You might or might not be familiar with the Christmas carol Past Three A Clock (and a cold frosty morning…) If you are, apologies for the earworm. If not, here’s a video. The tune and the chorus are traditional. The verses, however, were added on at a later date by G. R. Woodward and, while they’re a lovely bit of poetry, I’m not sure that I’d have put some of them quite in the following order.
Hinds o’er the pearly
dewy lawn early
seek the high stranger
laid in the manger.
(Past three a clock, etc)
Cheese from the dairy
bring they for Mary,
And, not for money,
butter and honey…
I assume that the ‘they’ is meant to refer to the dairy workers, perhaps before they get caught up in the Twelve Days of Christmas, but the way it’s written it does look rather like it’s the hinds.

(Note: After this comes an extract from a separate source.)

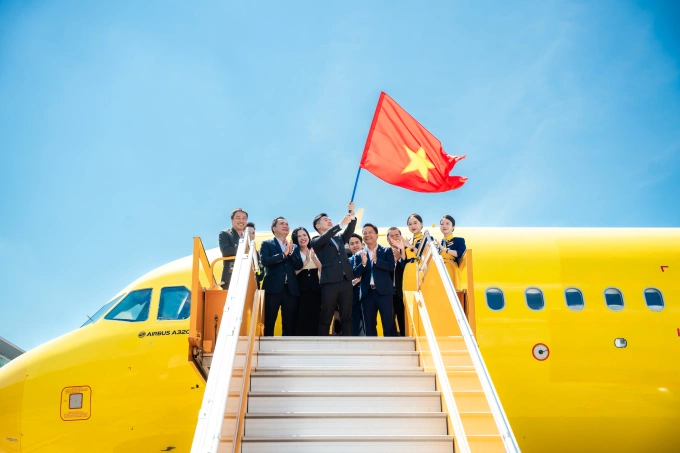 Lễ đón chiếc máy bay thứ 2 của Vietravel Airlines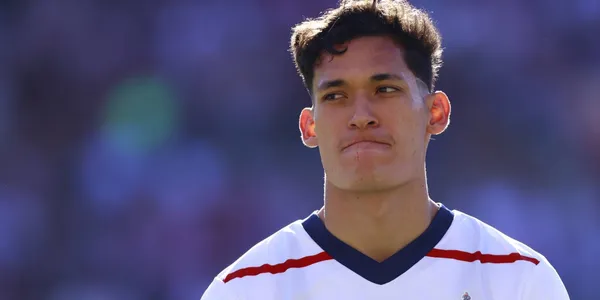 Chiquete en partido. Foto: TV Azteca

Which when we copped onto this last year meant two things. Firstly, stealing the deer from the royal ice skating Playmobil scene and ordering some Playmobil cheese for them. And secondly, a bred lik poem:
I don’t know who these ladies are. They might be two of Henry VIII’s wives; they look rather Tudor, with their stand-up collars and what might be meant to be French hoods. It doesn’t matter. The galleries are full of portraits of unknown ladies; why shouldn’t I have a couple on my Christmas tree, too?
The reason that I don’t know who they are is that I bought them in Oxfam, so they had no labels. They came together with the King of Hearts. Or it might have been the Knave of Hearts. I can’t remember. I bought them last year, in Ely Oxfam. But how could I have bought them last year? All the shops were shut last year. Or I didn’t go to any shops last year. Then maybe it was the year before. Did we go to Oxfam when we were househunting? No. It was last year. I know that really.
It’s just that my mind wants to shuffle all occasions involving shops out of 2020. It’s already refusing to believe that I was only in the office on one day between 13 March 2020 and 16 August 2021: four months of the London commute have overwritten all of that. Give it a couple of years and I’ll be convinced I bought these ladies in 2021, and I’ll be reading back through this blog and learn that no, this year they came out of the Christmas box, and surprise myself.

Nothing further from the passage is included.